WORK INSTRUCTIONS
Each entry must be restated exactly as it appears.

[Web page caption snippets]

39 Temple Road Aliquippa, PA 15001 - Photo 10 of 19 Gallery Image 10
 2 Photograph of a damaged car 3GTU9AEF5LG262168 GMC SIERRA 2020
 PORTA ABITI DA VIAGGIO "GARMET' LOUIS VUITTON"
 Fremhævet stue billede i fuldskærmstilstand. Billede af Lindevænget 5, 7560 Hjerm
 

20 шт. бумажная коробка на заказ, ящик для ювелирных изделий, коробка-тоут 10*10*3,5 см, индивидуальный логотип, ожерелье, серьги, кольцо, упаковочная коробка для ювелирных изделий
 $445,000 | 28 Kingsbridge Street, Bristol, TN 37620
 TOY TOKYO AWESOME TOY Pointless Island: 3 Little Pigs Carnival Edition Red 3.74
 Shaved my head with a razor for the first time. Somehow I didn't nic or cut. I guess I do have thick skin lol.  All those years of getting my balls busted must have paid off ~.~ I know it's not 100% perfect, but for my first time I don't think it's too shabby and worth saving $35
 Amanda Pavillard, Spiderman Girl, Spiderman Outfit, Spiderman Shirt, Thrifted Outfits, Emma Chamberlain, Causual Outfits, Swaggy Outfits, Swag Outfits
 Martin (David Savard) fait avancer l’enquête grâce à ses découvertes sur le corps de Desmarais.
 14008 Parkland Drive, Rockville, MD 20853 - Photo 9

SOLUTION TO THE EXERCISE
39 Temple Road Aliquippa, PA 15001 - Photo 10 of 19 Gallery Image 10
 2 Photograph of a damaged car 3GTU9AEF5LG262168 GMC SIERRA 2020
 PORTA ABITI DA VIAGGIO "GARMET' LOUIS VUITTON"
 Fremhævet stue billede i fuldskærmstilstand. Billede af Lindevænget 5, 7560 Hjerm
 

20 шт. бумажная коробка на заказ, ящик для ювелирных изделий, коробка-тоут 10*10*3,5 см, индивидуальный логотип, ожерелье, серьги, кольцо, упаковочная коробка для ювелирных изделий
 $445,000 | 28 Kingsbridge Street, Bristol, TN 37620
 TOY TOKYO AWESOME TOY Pointless Island: 3 Little Pigs Carnival Edition Red 3.74
 Shaved my head with a razor for the first time. Somehow I didn't nic or cut. I guess I do have thick skin lol.  All those years of getting my balls busted must have paid off ~.~ I know it's not 100% perfect, but for my first time I don't think it's too shabby and worth saving $35
 Amanda Pavillard, Spiderman Girl, Spiderman Outfit, Spiderman Shirt, Thrifted Outfits, Emma Chamberlain, Causual Outfits, Swaggy Outfits, Swag Outfits
 Martin (David Savard) fait avancer l’enquête grâce à ses découvertes sur le corps de Desmarais.
 14008 Parkland Drive, Rockville, MD 20853 - Photo 9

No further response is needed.